Healthy—indeed, productive—tensions arising within our membership have pushed us to reconsider beliefs about normative universals from research and theory that have historically overrepresented White child development from Western, Educated, Industrialized, Rich, and Democratic settings. As a member-led organization, it is important to recognize the leadership of our Caucuses and Committees toward promoting greater inclusion of marginalized voices in the field and greater equity in the scope of research that is considered within our publications. Our organization has welcomed the creation of and formally institutionalized four Caucuses: Black (1973), Latinx (2004), Asian (2007), Sexual Orientation and Gender Identity Expression (SOGIE; 2019). The collective work of these Caucuses, as well as our standing Ethnic and Racial Issues (ERI), Equity & Justice, and International Affairs Committees, form a significant part of SRCD’s contributions to the course-correction of historical and present structural and personal racism observed in science, writ large.
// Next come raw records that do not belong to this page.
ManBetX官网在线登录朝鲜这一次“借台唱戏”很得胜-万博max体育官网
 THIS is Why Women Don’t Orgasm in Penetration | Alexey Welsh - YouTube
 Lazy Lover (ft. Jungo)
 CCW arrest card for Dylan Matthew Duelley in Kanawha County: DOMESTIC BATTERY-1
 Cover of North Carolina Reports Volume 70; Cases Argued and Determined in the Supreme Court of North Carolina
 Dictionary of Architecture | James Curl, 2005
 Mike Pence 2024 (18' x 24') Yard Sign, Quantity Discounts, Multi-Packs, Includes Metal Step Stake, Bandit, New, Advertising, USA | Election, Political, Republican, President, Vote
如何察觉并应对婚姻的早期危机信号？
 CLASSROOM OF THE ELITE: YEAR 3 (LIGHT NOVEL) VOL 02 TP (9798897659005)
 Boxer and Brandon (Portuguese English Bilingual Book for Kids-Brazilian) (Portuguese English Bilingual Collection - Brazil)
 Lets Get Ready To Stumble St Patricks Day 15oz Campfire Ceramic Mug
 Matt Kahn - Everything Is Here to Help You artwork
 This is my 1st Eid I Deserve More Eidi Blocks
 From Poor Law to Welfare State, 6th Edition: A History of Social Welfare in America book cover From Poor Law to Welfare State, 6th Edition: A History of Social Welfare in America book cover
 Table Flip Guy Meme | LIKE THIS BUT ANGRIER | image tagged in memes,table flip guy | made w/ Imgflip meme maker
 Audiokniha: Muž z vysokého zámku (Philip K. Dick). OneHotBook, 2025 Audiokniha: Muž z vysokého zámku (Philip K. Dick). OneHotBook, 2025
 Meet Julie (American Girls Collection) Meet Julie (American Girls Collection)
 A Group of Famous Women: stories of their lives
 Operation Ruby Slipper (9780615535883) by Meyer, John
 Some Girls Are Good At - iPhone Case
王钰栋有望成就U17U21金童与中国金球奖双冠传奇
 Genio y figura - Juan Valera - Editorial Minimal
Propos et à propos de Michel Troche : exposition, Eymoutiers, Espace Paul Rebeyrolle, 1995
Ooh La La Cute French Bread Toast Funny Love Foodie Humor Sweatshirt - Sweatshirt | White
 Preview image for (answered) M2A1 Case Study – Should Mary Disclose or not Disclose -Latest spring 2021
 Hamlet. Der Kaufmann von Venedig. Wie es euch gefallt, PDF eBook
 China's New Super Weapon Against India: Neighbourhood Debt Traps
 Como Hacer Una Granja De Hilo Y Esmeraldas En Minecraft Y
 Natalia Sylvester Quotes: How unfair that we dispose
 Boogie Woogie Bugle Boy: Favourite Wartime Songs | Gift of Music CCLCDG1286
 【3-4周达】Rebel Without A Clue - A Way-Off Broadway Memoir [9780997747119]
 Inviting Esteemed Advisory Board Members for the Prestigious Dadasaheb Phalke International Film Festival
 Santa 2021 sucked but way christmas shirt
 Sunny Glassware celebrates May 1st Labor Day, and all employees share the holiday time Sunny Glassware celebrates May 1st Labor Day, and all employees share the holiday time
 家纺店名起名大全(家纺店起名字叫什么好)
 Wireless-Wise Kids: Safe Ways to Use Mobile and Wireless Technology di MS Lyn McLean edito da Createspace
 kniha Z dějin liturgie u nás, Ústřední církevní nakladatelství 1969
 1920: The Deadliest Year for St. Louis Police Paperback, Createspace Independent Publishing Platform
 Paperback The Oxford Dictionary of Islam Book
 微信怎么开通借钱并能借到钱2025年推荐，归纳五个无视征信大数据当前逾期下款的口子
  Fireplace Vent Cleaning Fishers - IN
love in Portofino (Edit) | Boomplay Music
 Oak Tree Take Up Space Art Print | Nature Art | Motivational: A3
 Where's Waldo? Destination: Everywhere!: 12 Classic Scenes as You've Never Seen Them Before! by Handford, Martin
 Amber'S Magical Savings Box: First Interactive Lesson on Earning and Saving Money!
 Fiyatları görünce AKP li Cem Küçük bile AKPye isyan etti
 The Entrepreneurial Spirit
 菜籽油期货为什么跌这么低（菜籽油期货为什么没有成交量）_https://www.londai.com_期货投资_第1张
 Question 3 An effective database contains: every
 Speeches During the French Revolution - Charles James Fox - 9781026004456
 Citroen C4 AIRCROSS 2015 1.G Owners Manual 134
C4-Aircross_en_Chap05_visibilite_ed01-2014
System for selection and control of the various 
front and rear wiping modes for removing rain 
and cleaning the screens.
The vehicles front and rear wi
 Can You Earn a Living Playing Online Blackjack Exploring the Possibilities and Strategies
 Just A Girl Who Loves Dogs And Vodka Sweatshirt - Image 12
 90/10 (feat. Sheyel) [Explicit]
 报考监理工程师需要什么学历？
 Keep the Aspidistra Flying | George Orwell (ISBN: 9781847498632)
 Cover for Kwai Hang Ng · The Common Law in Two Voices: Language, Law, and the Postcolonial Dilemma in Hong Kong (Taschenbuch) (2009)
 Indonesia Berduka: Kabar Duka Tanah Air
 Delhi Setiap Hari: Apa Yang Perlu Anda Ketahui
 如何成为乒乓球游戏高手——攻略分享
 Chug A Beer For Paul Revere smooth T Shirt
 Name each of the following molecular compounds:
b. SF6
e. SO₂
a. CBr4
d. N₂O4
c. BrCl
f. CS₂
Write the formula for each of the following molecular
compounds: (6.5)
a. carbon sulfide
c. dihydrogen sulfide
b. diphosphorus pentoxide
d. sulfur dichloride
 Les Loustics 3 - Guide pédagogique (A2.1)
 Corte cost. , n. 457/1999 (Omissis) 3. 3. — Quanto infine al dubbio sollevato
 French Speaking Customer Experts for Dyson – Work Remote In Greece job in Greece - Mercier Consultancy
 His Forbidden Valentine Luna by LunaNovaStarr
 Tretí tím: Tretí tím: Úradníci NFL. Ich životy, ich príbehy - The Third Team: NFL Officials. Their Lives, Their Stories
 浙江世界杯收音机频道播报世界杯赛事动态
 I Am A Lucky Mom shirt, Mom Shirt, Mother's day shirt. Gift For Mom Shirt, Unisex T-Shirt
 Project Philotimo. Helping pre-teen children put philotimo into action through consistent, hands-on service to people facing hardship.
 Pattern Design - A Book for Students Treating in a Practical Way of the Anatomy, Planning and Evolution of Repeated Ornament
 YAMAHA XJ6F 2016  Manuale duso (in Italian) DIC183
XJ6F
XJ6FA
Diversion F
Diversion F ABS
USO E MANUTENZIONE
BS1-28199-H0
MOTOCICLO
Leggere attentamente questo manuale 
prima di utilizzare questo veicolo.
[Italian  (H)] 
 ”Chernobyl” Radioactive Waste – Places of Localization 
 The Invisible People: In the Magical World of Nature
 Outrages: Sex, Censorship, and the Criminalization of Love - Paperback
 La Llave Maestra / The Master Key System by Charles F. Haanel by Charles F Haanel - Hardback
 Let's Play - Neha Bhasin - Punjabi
Yet, the work of inclusion, equity, and anti-racism should not rest solely on the shoulders of these aforementioned groups within our organization. As our highly regarded journals are perhaps the most public-facing element and explicitly gatekeeping mechanism of the SRCD enterprise, we must critically examine the extent to which our journals, Editors and Editorial Boards, reviewers and review standards, and Publications Committee activities implement practices and policies grounded in inclusive and anti-racist principles. One part of this process involves ensuring there are scientists who are experts in studying developmental processes and outcomes in marginalized and minoritized populations in our editorial processes as reviewers, editors, and members of our Publications Committee. But as we know, having a “seat at the table” is just one piece of the puzzle.

A critical self-examination of how we can disrupt racist paradigms—such as cultural deficit framing, exclusion of constructs that are salient to marginalized children and families, and implicitly or inadvertently positioning the development of White children as normative and those of Black, Indigenous, and children of color as not—in our pages is a matter of scientific integrity. This is necessary for good science. Our human population is diverse because we are living and thriving in families, neighborhoods, communities, and institutions with different historical and contemporary contexts, and human development is very much about learning and adapting to environmental demands. Generalizability from one population to another is an open empirical question. We need to have a valid, reliable and generalizable science in order to increase our understanding of child development in its diverse contexts.

We have already begun to evaluate and re-imagine how anti-racist principles can be woven throughout the work of producing among the very best scientific journals that are also exemplary in their capacity to disrupt scientific racism. As concrete examples, we are holding ourselves accountable by:

  • Having implemented a policy requiring authors to provide specific sociocultural information about the children, families, and communities in their studies;
  • Consulting and collaborating whenever possible with the Black, Latinx, Asian, and SOGIE Caucuses and the Ethnic and Racial Issues, Equity and Justice, and International Affairs Committees;
  • Evaluating the diversity/representation of scholars with expertise in marginalized populations and non-US regions of the world on our editorial boards;
  • Integrating issues of anti-racism, equity, and inclusion into the development of peer review standards;
  • Investigating systematic and institutional barriers to publication for junior scientists and marginalized scholars and scholarship; and
  • Developing a protocol for including indicators of anti-racism, equity, and inclusion in our assessment of the health of our journals.

In our editorial work and publications, SRCD is committed to promoting a fair process equally applied to all submissions. As part of a masked peer review process, we will ensure that  manuscripts will be assigned to reviewers with the necessary expertise and knowledge of the standards in each field. However, if, in the process, any problems arise that reflect bias or inequality, the reviewers, editors, and the SRCD Publications committee will make sure that these are rectified, so that all manuscripts—regardless of research question or population under study—are fairly evaluated.